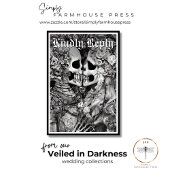 Dunkelgotische Schwarz-Weiß-Skelett QR-Code RSVP Karte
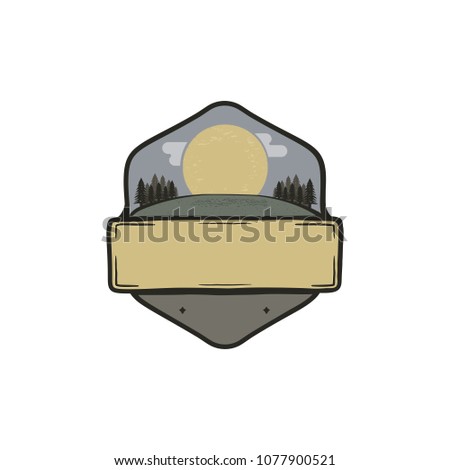 Vintage hand drawn national park badge, patch concept. Blank template. Paste your own texts. Camping adventure thematic. Stock vector isolated on white background.
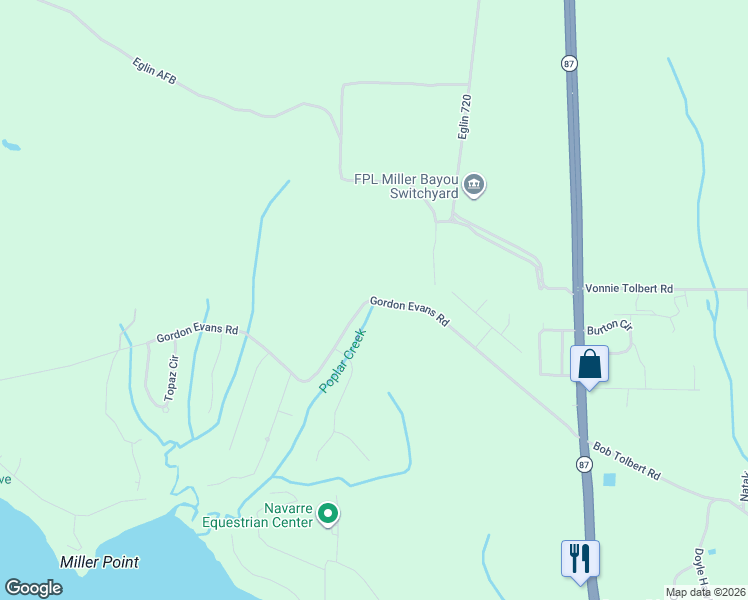 map of restaurants, bars, coffee shops, grocery stores, and more near 6867 Gordon Evans Road in Navarre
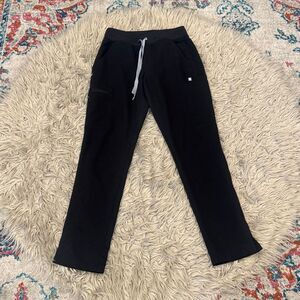 Figs Black Straight Leg Pants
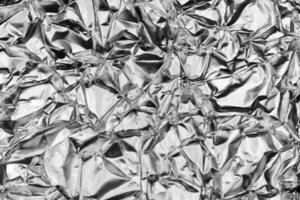 Rough Monochrome Crumpled Foil Texture. Metallic Black White Background. photo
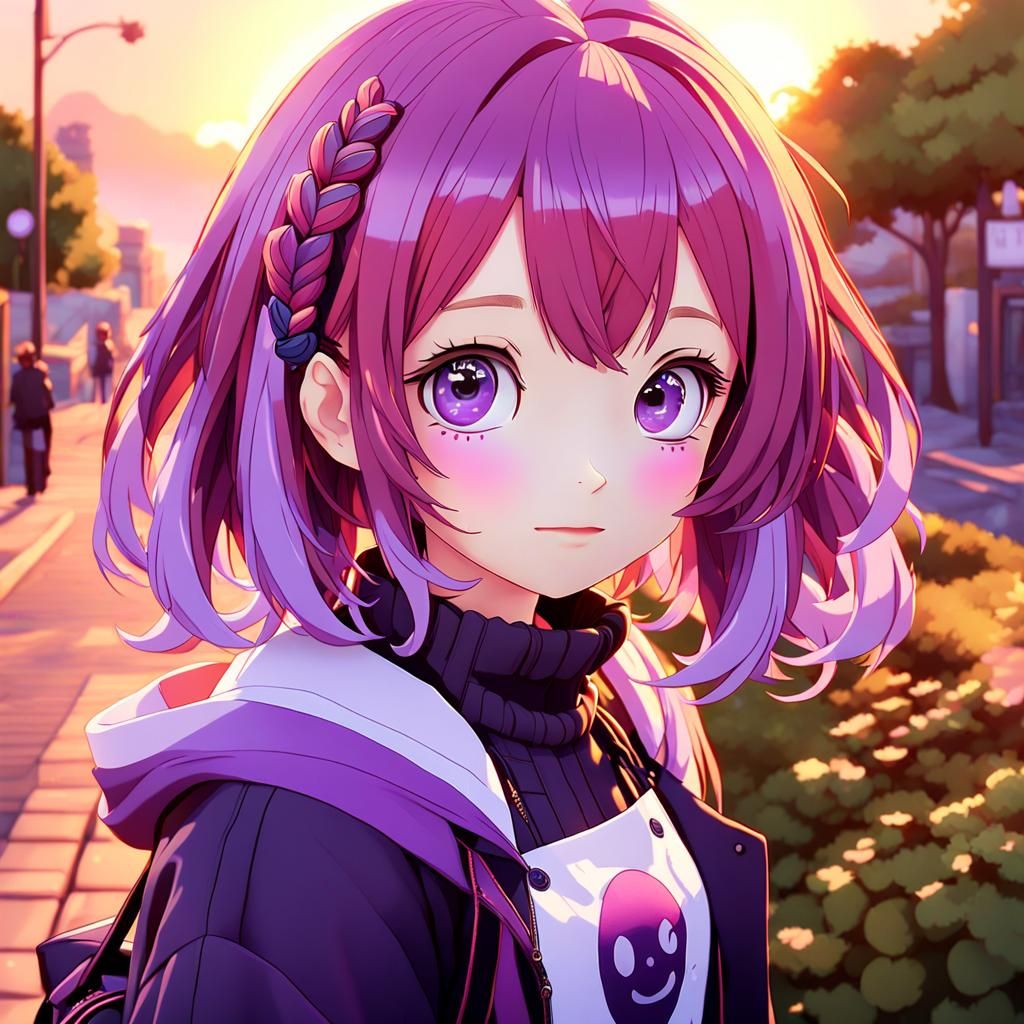 Sunset Portrait of Kawaii Girl with Violet Eyes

Work order
All lines from the one containing "Rough Monochrome Crumpled" to the end of the entries should appear in the output exactly as written, with no pictures.

Result of this exercise
 Rough Monochrome Crumpled Foil Texture. Metallic Black White Background. photo
 Sunset Portrait of Kawaii Girl with Violet Eyes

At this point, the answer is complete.